Los mercados y sus socios tienen desconfianza frente a lo que está pasando en la empresa. Un primer campanazo fue la intempestiva decisión de abandonar la oportunidad de comprar un activo que le habría permitido incrementar su producción y reservas en 9 por ciento, para el cual ya tenía la financiación asegurada. ¿Cuál fue la razón? La presión indebida que ejerció el presidente de la República sobre las directivas de la empresa para que reversaran una decisión que ya había surtido todos los tramites internos de aprobación.
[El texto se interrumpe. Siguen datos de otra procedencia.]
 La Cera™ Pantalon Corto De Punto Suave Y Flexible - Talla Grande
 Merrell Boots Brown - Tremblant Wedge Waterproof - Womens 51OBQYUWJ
Los miembros de la junta que cambiaron de parecer, supuestamente independientes, no le han contado al país el porqué de su decisión. Tampoco se conocen las actas que contengan sus argumentos –unas actas que el país merece y tiene total derecho a conocer–. ¿Tendrán algo que contarle al país los doctores Álvaro Torres, Edwin Palma y Guillermo García? Tal vez no mucho, pues la lealtad al régimen –y no a la empresa o a los intereses del país– parece pagar bien: en septiembre pasado, el hijo de García se posesionó como viceministro del Interior.
En medio de todo esto, en Ecopetrol continúan los despidos por razones políticas. Ya es muy evidente que la estrategia de gobernabilidad del Presidente, con la que busca influir sobre los resultados electorales de 2026, tiene un nuevo componente: además de amedrentar al sector privado y aumentar el gasto público, ahora se quieren controlar las decisiones de contratación de las empresas estatales –que no solo tienen enormes presupuestos, sino que cuentan con mayor autonomía a la hora de escoger funcionarios, contratistas y proveedores.
La cosa va más allá: la Nación tiene que salir en búsqueda de financiamiento externo, con sus propias emisiones en el mercado internacional de bonos. Después de seis intentos, la Comisión Interparlamentaria de Crédito Público aprobó hace pocos días emisiones por 3.500 millones, apenas la mitad de lo que quería aprobar el Gobierno. Esto prueba que la gobernabilidad frente al Congreso está por el piso y que la confianza se sigue erosionando.
¿Quién va a pagar los costos de los juegos de piromanía? La gente. Ojalá todos esos espectadores que parecen entretenidos con el espectáculo reaccionen pronto, porque el profeta del absurdo nos está incendiando el país. Y el bolsillo.